Dove portano, quindi, le analisi degli studi che sta conducendo in materia di pesca illegale?
“Questa analisi deriva dall’attenzione crescente a livello globale sui fenomeni criminali internazionali aventi ad oggetto l’ambiente e le sue risorse. Queste ultime, spesso trasformate in risorse economiche e infelicemente regolamentate, sono divenute obiettivo di soggetti e soprattutto d’interessi, in alcuni casi criminali, che hanno finito col depauperare l’ambiente naturale. Il pesce catturato illegalmente risulta spesso dissimulato, aprendo la strada a frodi alimentari che mettono in pericolo la salute dei consumatori.

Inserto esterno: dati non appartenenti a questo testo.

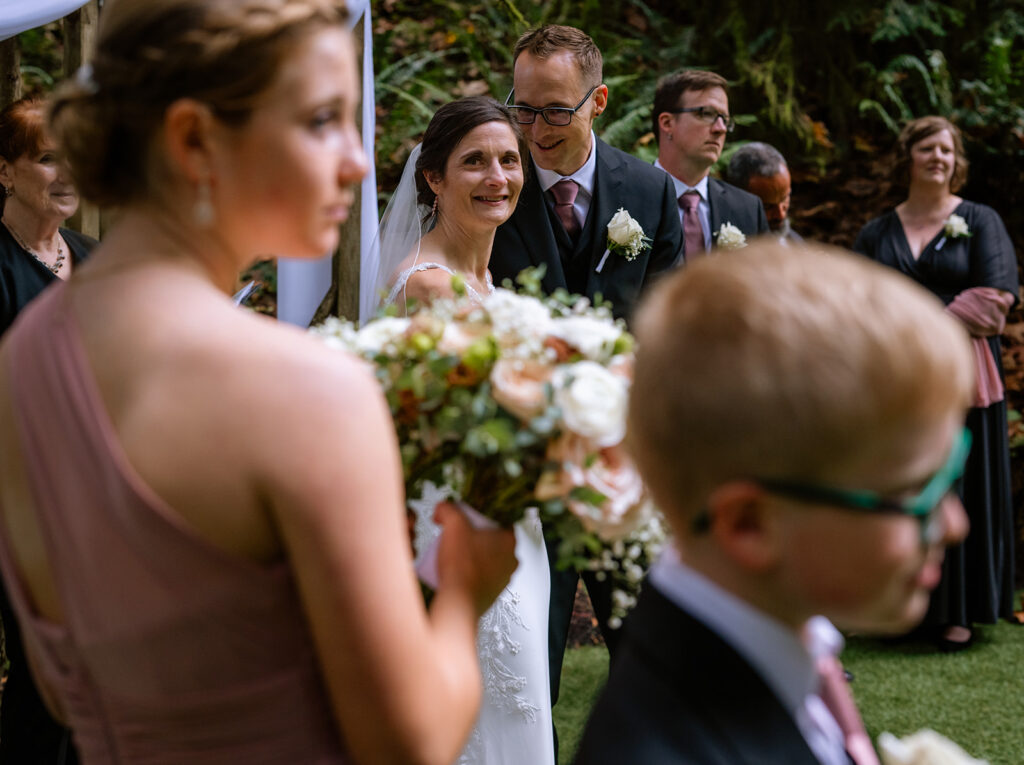 Bride looks at her kids as she stands at the alter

La pesca illegale riesce ad arrivare nei mercati ittici ufficiali, italiani ed europei e ad essere smerciato insieme al pesce ‘regolare’. Ecco perché sarebbe opportuno introdurre una licenza ad hoc per le pescherie. Allo stesso modo consentire al cliente di un qualsiasi ristorante di conoscere la tracciabilità del pesce che sta mangiando. Quello che è emerso dalle recenti inchieste e il coinvolgimento di ristoranti di note località marine vicino Palermo, molto frequentati dalle famiglie, deve fare riflettere. Credo che questi ristoratori non possano essere considerati vittime, la loro reputazione è quella di chi si è inginocchiato ai prepotenti. E se a mangiare le cozze scadute fossero stati i nostri bambini?”